Nearly all of the homes that surround the proposed Charlotte Street development share a similar history of rigorous restoration leading to a deeply loved home. However, there are a few exceptions. These are the homes on Charlotte Street and Baird Street belonging to the Killian family.
Dr. Killian gained our respect for his careful maintenance of their properties, except those on the 100 Charlotte Street block and Baird Street. After his untimely death in 1998, the Killian family continued to neglect those properties for the next 23 years. Many of our neighborhood houses would look equally dilapidated now if we had willfully neglected them for that long. …

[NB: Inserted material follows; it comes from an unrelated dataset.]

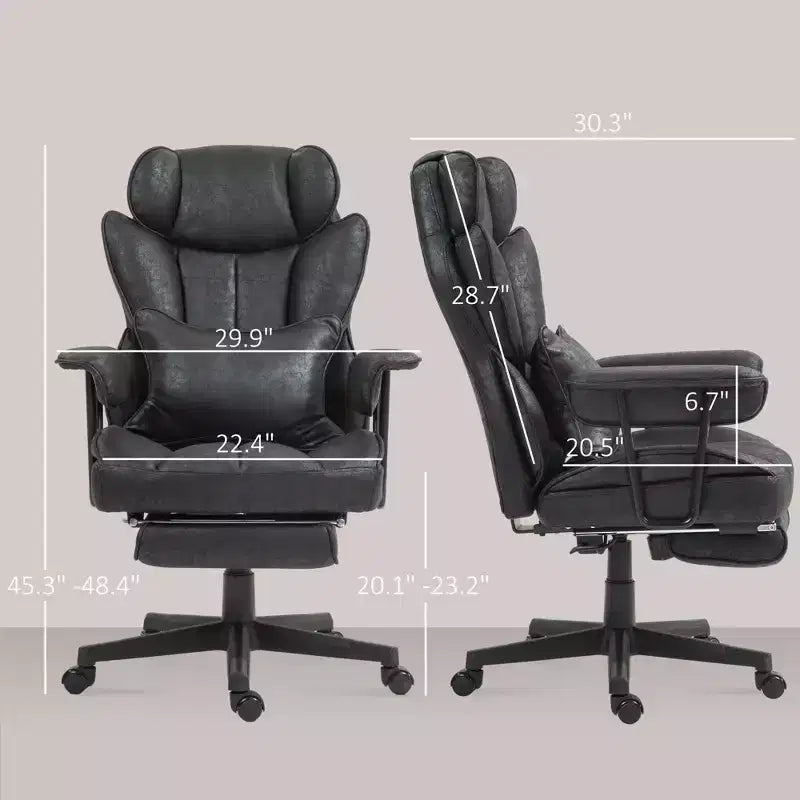 Sedia da ufficio reclinabile nera/grigia con poggiapiedi e supporto lombare, 1 persona, capacità 180 kg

Now the Killians and RCG (Boston) partnership want to override the current zoning that took years of neighborhood meetings, city meetings, extensive planning and the assistance of nationally respected city planners to create. The Killian/RCG proposal is dissonant in scale, style, environmental impact and traffic flow. This area is clearly incapable of handling the traffic generated by 192 units and multiple commercial sites. This proposal is also incompatible to the Asheville city government’s Living Asheville: A Comprehensive Plan for Our Future.
As a neighborhood, many of us would likely extend our heartfelt support for a development project that respects the hard work, discernment and collective visioning of our neighborhood citizens and abides by the present zoning that we have worked so diligently to create. There is abundant space for new infill buildings. The historic houses on Charlotte Street are certainly still restorable and could be transformed into attractive and welcome businesses/residences that further the vitality of the Charlotte Street corridor. To override the present zoning and allow the proposed project would create a very dangerous precedent for the entire Charlotte Street corridor.
Why not work together together to honor the history, hard work and careful planning that our neighborhood and city have generated to value and vitalize the Charlotte Street corridor as the unique neighborhood that so many of us have come to treasure?